What you should do >> Print nothing but the lines below starting at the line that holds "Disney Mickey Unlimited" and ending at the line that holds "Womens Crew Neck T-Shirt in Crystal Rose", including both, each exactly as written.

Supplied material >>
-- -- --
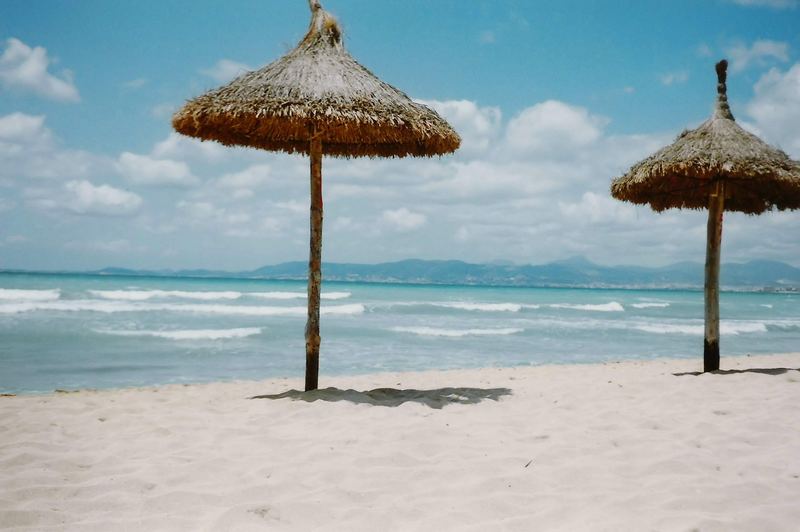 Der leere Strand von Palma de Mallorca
-- -- --
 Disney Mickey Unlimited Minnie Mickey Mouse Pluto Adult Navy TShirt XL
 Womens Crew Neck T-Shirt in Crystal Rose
-- -- --
Completed exercise >>
 Disney Mickey Unlimited Minnie Mickey Mouse Pluto Adult Navy TShirt XL
 Womens Crew Neck T-Shirt in Crystal Rose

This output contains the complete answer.